Without pictures, retype the following entries exactly.

Extracted records
━━━━

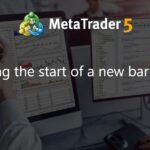 Detecting the start of a new bar or candle - expert for MetaTrader 5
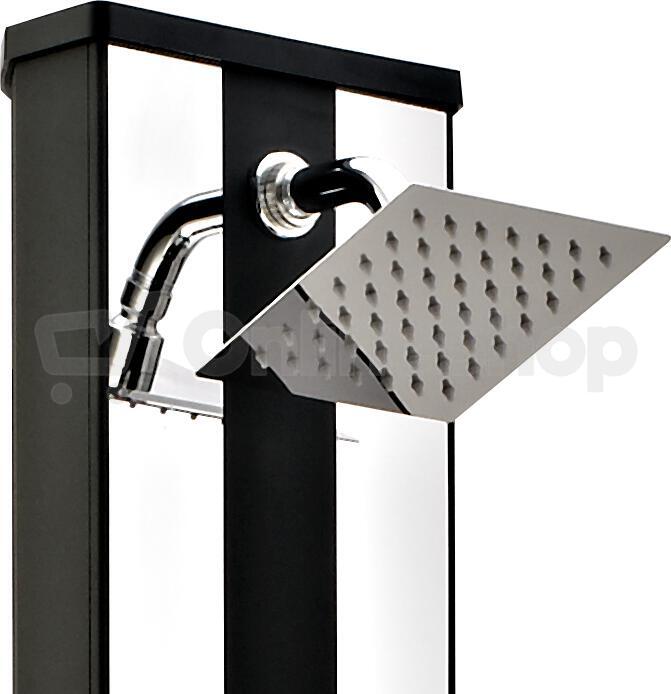 Solární sprcha CF Aluminium 38L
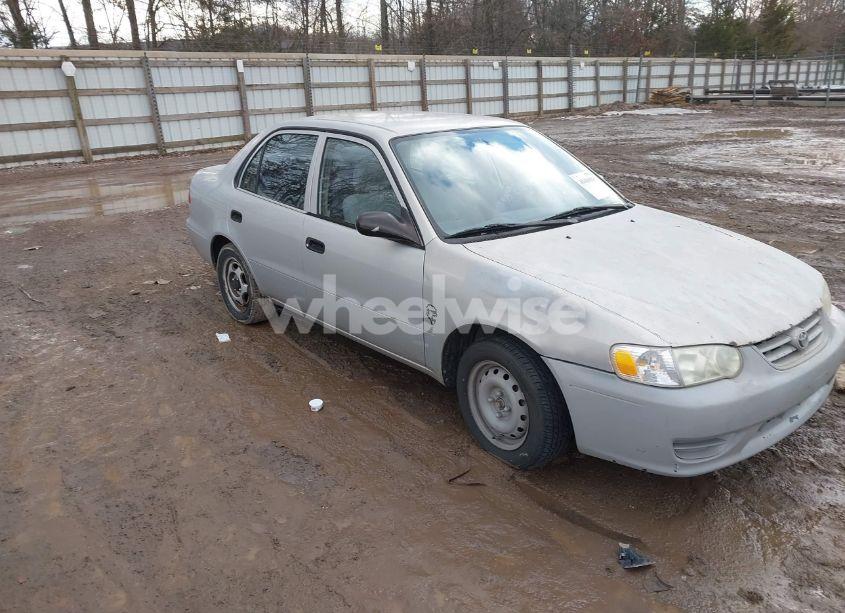 2002 Toyota Corolla CE (VIN 1NXBR12E62Z568662) main photo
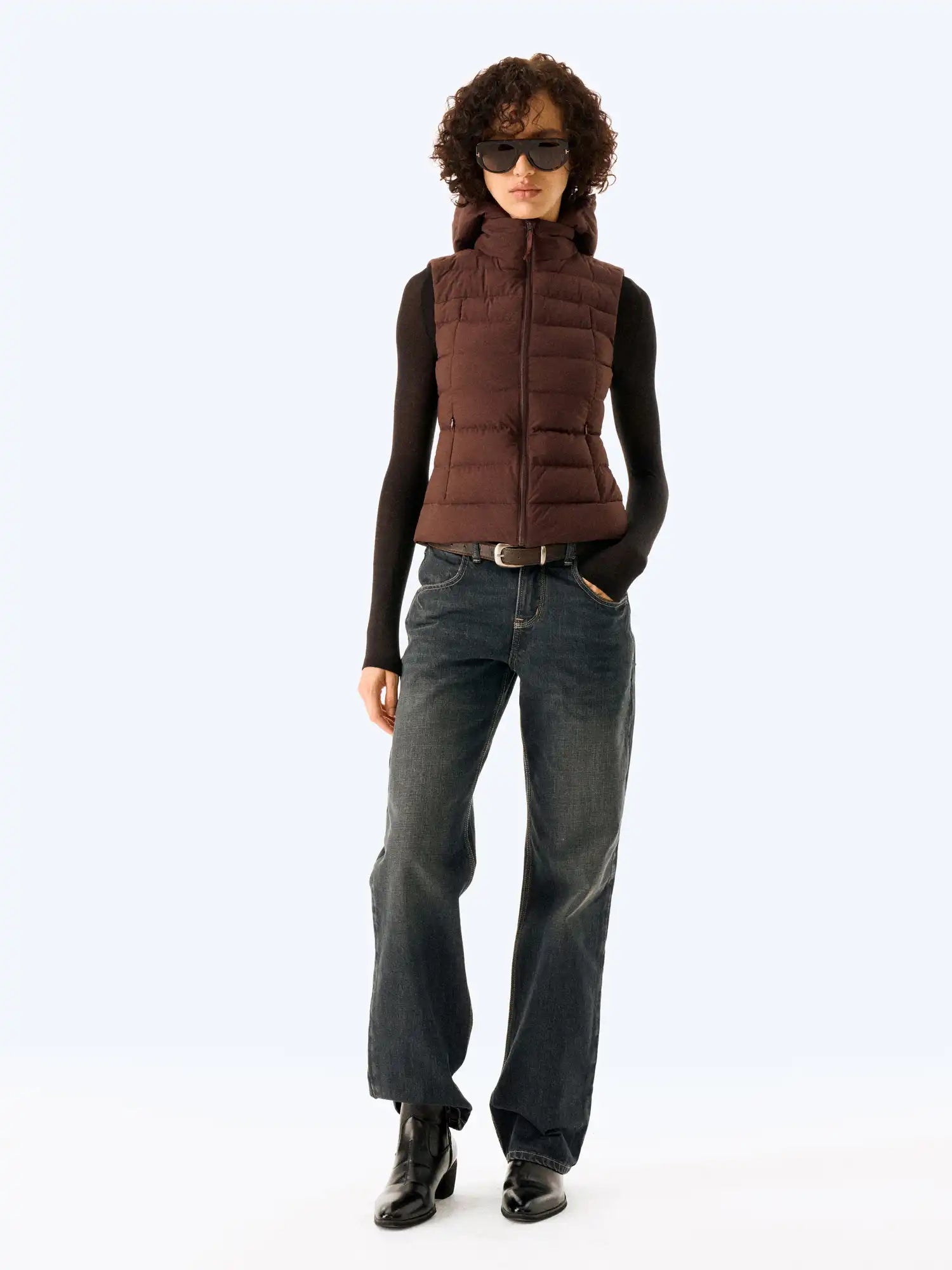 FirstFloor Lightweight self-heating Down Vest | Canton Collective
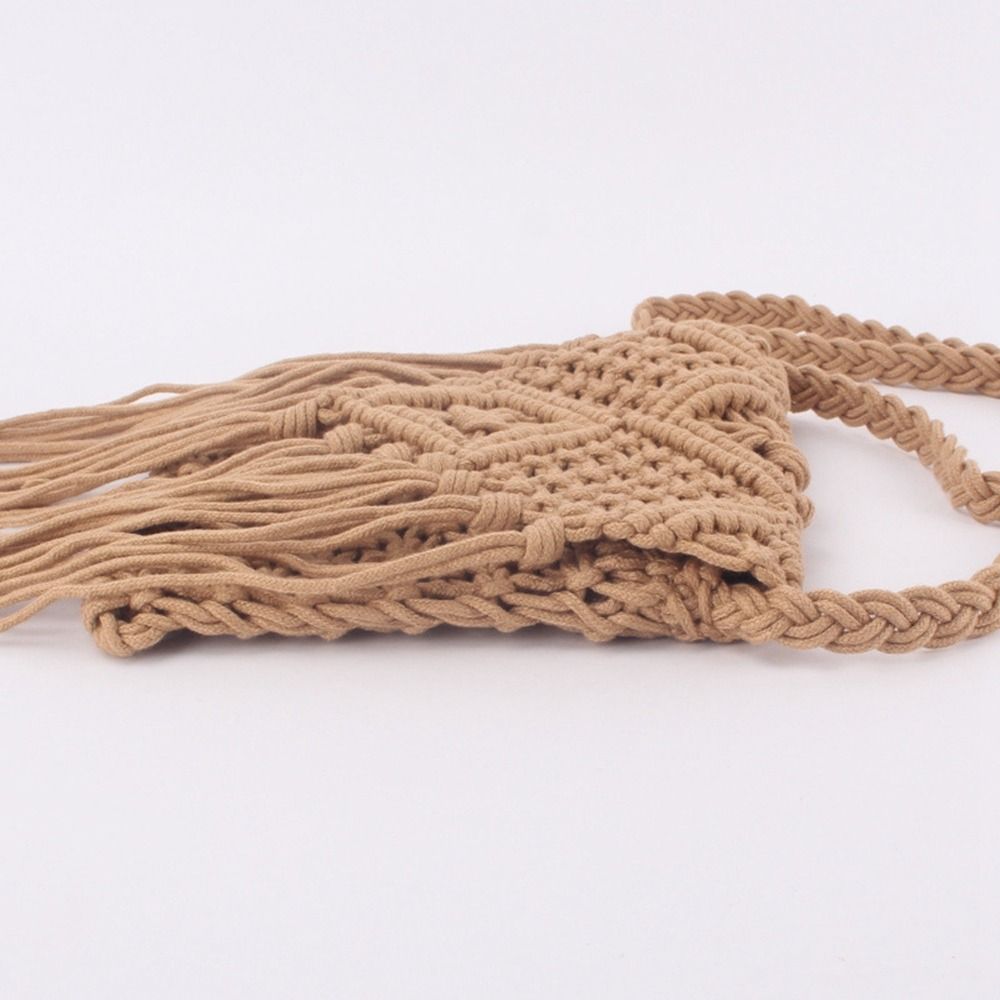 Fashion Ethnic Style Woven Str - مراجعة Woven Straw Bag وسعره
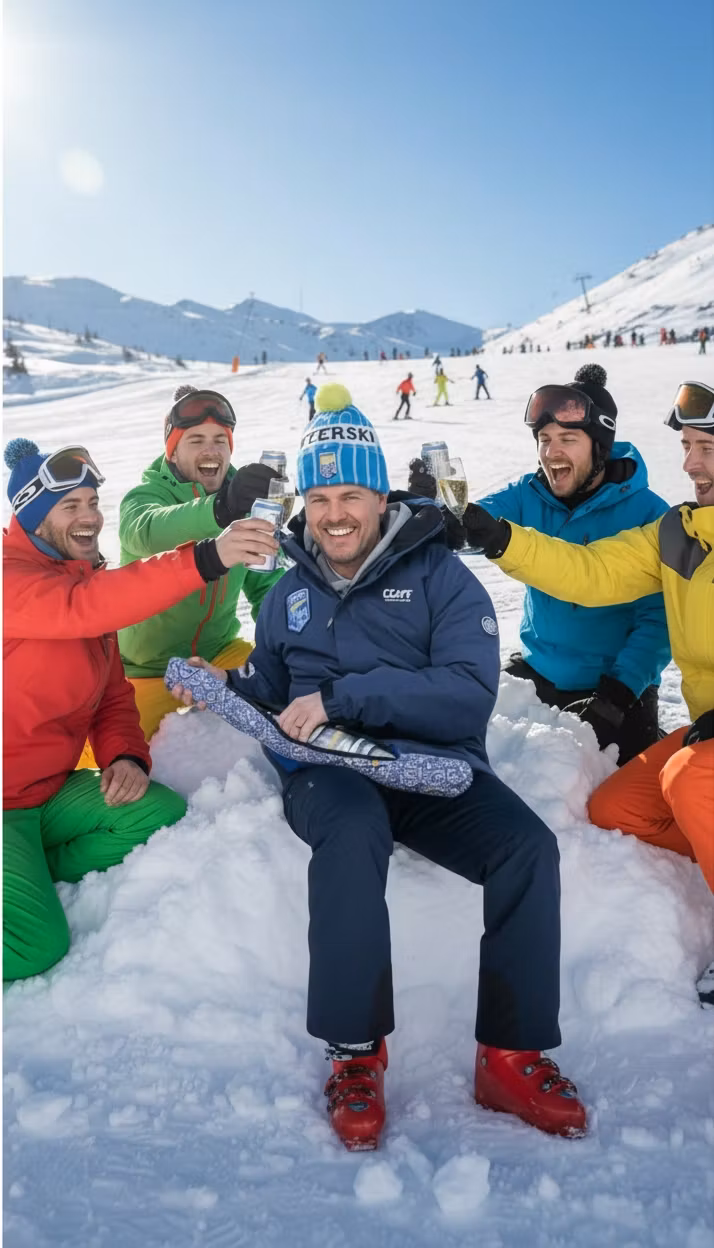 Patronbältet - Kylväska "burk" med axelrem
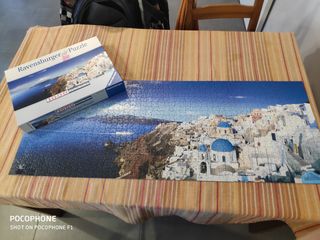 Puzzle Ravensburger 1000 Piezas Santorini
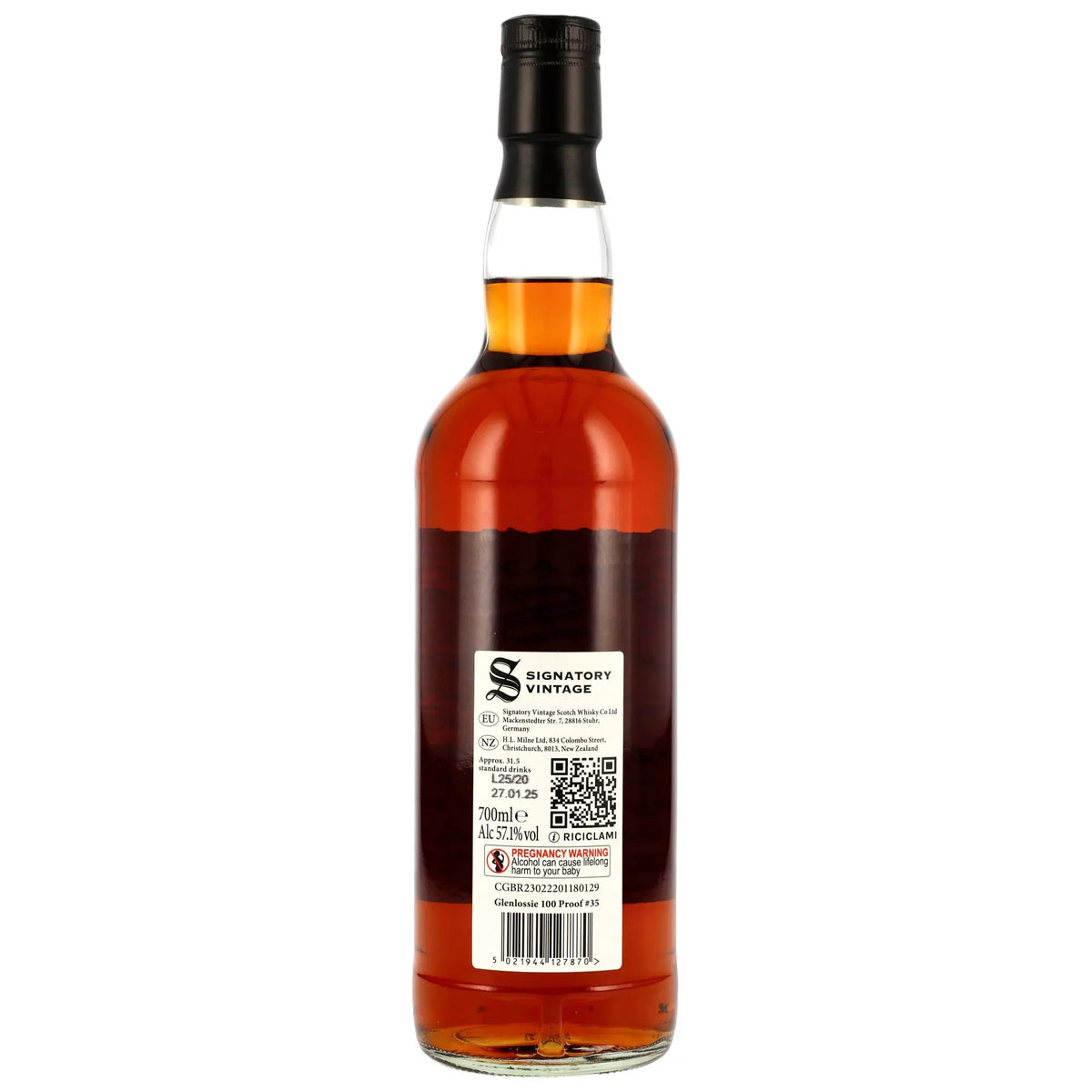 Glenlossie 100 Proof Edition #35 12 Jahre 2012/2025 Speyside Single Malt Scotch Whisky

━━━━

Answer box
 Detecting the start of a new bar or candle - expert for MetaTrader 5
 Solární sprcha CF Aluminium 38L
 2002 Toyota Corolla CE (VIN 1NXBR12E62Z568662) main photo
 FirstFloor Lightweight self-heating Down Vest | Canton Collective
 Fashion Ethnic Style Woven Str - مراجعة Woven Straw Bag وسعره
 Patronbältet - Kylväska "burk" med axelrem
 Puzzle Ravensburger 1000 Piezas Santorini
 Glenlossie 100 Proof Edition #35 12 Jahre 2012/2025 Speyside Single Malt Scotch Whisky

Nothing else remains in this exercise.